General William Tecumseh Sherman reported in 1869: The efficiency of the frontier army which averaged about 20,000 men in the period 1855-1875 depended on the food, clothing, ammunition, forage, shelter, livestock and other supplies furnished by the government. The frontier military post, usually at some distance from the settled areas, was almost solely dependent upon supplies brought from a great distance.
High standards of hygiene were loosely enforced causing diseases to run rampart just as they had during the Civil War. Far more soldiers died from or were treated for Cholera, dysentery, malaria, fevers and other afflictions than from combat wounds.
Deaths resulting from diseases such as cholera, yellow fever was far greater than those resulting from the Indian Wars. From 1860-86, 1,993 soldiers killed or wounded in Indian Wars. In 1886, 1,217 soldiers died of Cholera alone. Malaria and related fevers were the most prevalent. Diarrhea and dysentery, due to sanitary conditions were common problems.
Fort Verde, in Arizona was originally located about a mile north from where it is today but moved to higher ground from the Verde River because of malaria.
A young Army surgeon named Walter Reed first became interested in finding a cure for Yellow Fever while stationed at Fort Lowell, near Tucson.
During the late 1850s Dr. B.J.D. Irwin gained recognition for his articles on amputation while stationed in Arizona. His field amputation of Butterfield Overland stage employee Silas St. John’s arm one of Arizona’s great stories. He was also the first to implement the idea of a field hospital, just in time for the Civil War.
At Fort Mohave, Arizona during the 1850s, an average of 2 soldiers a week died of dysentery. They were treated with opium, quinine, lead, bismuth, ammonia and brandy.

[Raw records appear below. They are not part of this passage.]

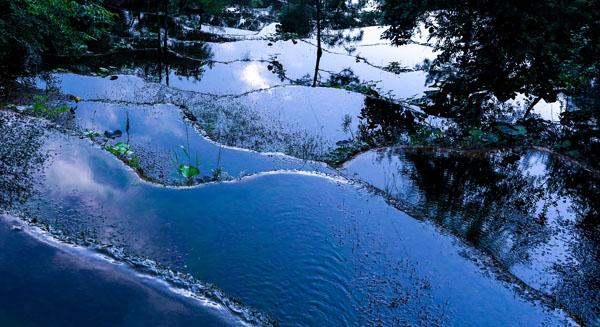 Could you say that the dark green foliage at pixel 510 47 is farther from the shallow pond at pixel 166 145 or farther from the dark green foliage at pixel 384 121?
the shallow pond at pixel 166 145

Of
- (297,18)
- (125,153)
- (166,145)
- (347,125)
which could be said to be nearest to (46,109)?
(125,153)

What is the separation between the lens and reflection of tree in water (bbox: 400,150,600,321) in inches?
310

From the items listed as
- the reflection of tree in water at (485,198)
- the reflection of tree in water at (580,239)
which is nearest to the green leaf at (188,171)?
the reflection of tree in water at (485,198)

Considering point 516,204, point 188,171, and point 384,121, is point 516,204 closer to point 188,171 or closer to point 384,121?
point 384,121

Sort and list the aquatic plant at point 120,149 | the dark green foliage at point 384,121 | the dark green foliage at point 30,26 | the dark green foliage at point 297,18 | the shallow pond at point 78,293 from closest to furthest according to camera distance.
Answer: the shallow pond at point 78,293
the aquatic plant at point 120,149
the dark green foliage at point 30,26
the dark green foliage at point 384,121
the dark green foliage at point 297,18

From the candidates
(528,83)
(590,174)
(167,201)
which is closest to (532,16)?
(528,83)

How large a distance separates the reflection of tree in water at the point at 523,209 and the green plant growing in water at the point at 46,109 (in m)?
11.4

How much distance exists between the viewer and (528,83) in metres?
17.9

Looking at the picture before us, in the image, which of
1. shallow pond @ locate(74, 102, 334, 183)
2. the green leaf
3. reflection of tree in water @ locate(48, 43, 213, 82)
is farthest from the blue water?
reflection of tree in water @ locate(48, 43, 213, 82)

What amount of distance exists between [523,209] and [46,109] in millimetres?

Meals were lacking in nourishment and generally poor. They included hash, stew, baked beans, salt pork, coffee and bread. If possible the soldiers grew vegetables in gardens and hunted wild game to supplement their diets. Brown sugar, molasses and vinegar were stocked.
In the summer of 1867 General Philippe Regis de Trobriand bought his troops to the Dakota Territory to build Fort Stevenson. The soldiers had barely finished construction when an early and severe winter began. The soldiers hadn’t had time to plant a garden.
The general’s diary provides information about the wintertime diet and shows why scurvy and other dietary diseases such as dysentery were the problems of enlisted men but not officers. Officers had better food and made enough money to buy better quality food at a trading post. They also had cooks to better prepare their meals.
By the following spring Trobriand, due to the number of sick soldiers, feared he might be difficult. He was looking for the first steamboat to bring supplies. Meanwhile the soldiers supplemented their diet by gathering wild onions. The soldiers did plant a garden but there was the fear that the grasshoppers would come and destroy the garden.
During the winter of 1868 a total of 79 soldiers suffered from scurvy. The following winter the general laid in supplies of pickles, sauerkraut and vinegar packed in barrels soaked in brine. The brine would help prevent freezing. The plan worked, in the winter of 1869 only five soldiers came down with scurvy.
Tuberculosis was another scourge, not just for the soldiers but for the population in general. It took lives, indiscriminately regardless of rank just as it did in civilian society. Remedies included herbal nostrums, patent medicines heavily laced with alcohol of course and ubitiquitus bogus snake oil. Opium was believed to be a cure and there was always folk medicine, better known as “Granny Medicine.” A cruel disease called a crueler treatment. One called for the patient to pack a pipe with dried cow manure, light it and inhale the smoke. That one’s right up there with rubbing fresh cow manure on chapped lips. The rationale being chapped lips came licking one’s lips. Some thought consumption was a punishment from God and prescribed butter from a cow that had only grazed in a churchyard.
Arizona was called the “Siberia” of the frontier army but it just might me the healthiest place to be posted for any man who might have contracted tuberculosis.